WINTHROP — The Mt. Abram baseball team was down. But even with a six-run deficit, the Roadrunners were not out.
And according to cleanup hitter Luke Kearing, none of them thought they were.
“We’ve had some tough games this season,” he said. “But when we get hot, we get hot.”
Kearing helped make sure the narrative played out again. The junior’s three-run homer keyed a six-run, third-inning rally that tied the game, Nate Luce shut the Winthrop bats down in relief, and another late offensive surge lifted the 10th-seeded Roadrunners past the seventh-seeded Ramblers, 14-8, in the C South preliminary round.

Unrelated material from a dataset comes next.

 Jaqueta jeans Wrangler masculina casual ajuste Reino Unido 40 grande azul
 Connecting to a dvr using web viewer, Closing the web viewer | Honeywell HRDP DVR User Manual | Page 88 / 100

Mt. Abram (9-8), which trailed 8-2 in the second, will play No. 2 Maranacook on Thursday. Winthrop is done at 10-7.
“We’ve been waiting for this for a long time,” said Luce, who also scored three runs. “Everybody usually sleeps on Mt. Abram, so it’s huge for us to come in here and beat them.”
Things couldn’t have started much worse. Mt. Abram went up 2-0 in the top of the first, but Winthrop came right back with four runs in the bottom half, and then piled on four more in the second.
When the Roadrunners reconvened in the dugout, however, they could tell there was plenty of fight left.
“We knew 8-2 was nothing. It was only the second inning,” Luce said before motioning to the scoreboard. “We knew we were capable of putting 14 up there.”
The rally began with a Kenyon Pillsbury single, and two batters later, Ben Debaise singled to right to put runners at the corners. Up came Kearing, who showed bunt on the first pitch before tagging the second down the right field line.
“I’m just looking for a base hit, drive a run in,” said Kearing, who had two hits and four RBIs. “It felt like I hit the sweet spot, but most of my shots this year have been foul. I was glad to see that one sneak (in).”
Kearing raised his fist before the ball disappeared over the wall, and the Roadrunners dugout erupted.
“I thought it was a spark to get us started,” Kearing said.
The comeback continued when Hunter Warren and Ethan Powell singled and Trevor Phelps doubled to right, scoring Warren, and Powell and Phelps eventually scored on a throwing error to tie the game at 8.
“We haven’t hit. We just haven’t had that timely hit,” coach Jeff Pillsbury said. “But tonight, we had a bunch of timely hits.”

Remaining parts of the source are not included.